In addition to occupying the listeners’ motor systems with an irrelevant task, in Ianì and Bucciarelli’s (2017, 2018) gesture studies the researchers also created different conditions at encoding and retrieval by introducing the motor task only at encoding or only at test. The aim of the present study was to more precisely characterize the conditions under which an irrelevant motor task disrupts the beneficial effect of gesture on recall for action phrases, by keeping the encoding and retrieval contexts consistent. We hypothesized that providing matching motor contexts at both encoding and retrieval would enhance memory for phrases with gesture, even when the motor system was engaged in a task that was not directly related to the information being learned.

Present experiment

To address the question of whether the change in context might have had an effect on the benefit of gesture on recall of verbal phrases, we replicated the three primary conditions from Ianì and Bucciarelli (2017, 2018), and added a fourth condition in which participants were instructed to perform the irrelevant motor task throughout both encoding and retrieval. In all four conditions, participants saw 24 distinct sentences—12 accompanied by gesture and 12 without. In the first condition—no tapping—participants were not told to move their hands in any specific way. In the second condition—both tapping—they were instructed to tap at both encoding and retrieval. In the third condition—encoding tapping—they were instructed to tap only at encoding. In the fourth condition—retrieval tapping—they were instructed to tap only at retrieval. For all four groups, we measured memory for the spoken phrases via an uncued recall task.

We predicted a benefit for sentences accompanied by gesture in two of the four conditions: specifically, the no-tapping and both-tapping conditions. Because the encoding and retrieval contexts were the same in these cases, it was possible that the benefit for memory for sentences accompanied by gesture would be preserved. In the no-tapping condition, following Ianì and Bucciarelli (2017), listening to sentences accompanied by gesture might create a more detailed mental model for the phrases. At retrieval, because the motor system was unoccupied, motor simulations for the observed gestures might be reactivated in order to boost the overall number of items remembered.

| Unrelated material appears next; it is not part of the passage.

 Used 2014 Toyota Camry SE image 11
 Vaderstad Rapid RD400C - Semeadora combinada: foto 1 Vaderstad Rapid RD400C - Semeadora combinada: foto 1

In the both-tapping condition, we predicted that performing a concurrent motor task would not disrupt the benefit to memory for sentences accompanied by gesture, so long as the same motor context was reinstated at recall. In fact, the continuous activity of the motor system during encoding might allow participants to actually use the tapping task as one of many retrieval cues at recall, since it had been part of the motor context at encoding. By reinstating the encoding context, it was possible that we would see the same benefit for observing gesture on memory for the phrases. Alternatively, if the motor system was overwhelmed by the demands of the tapping task, the motor information from the gestures would never be encoded and therefore would not be available for retrieval, regardless of whether the motor contexts matched.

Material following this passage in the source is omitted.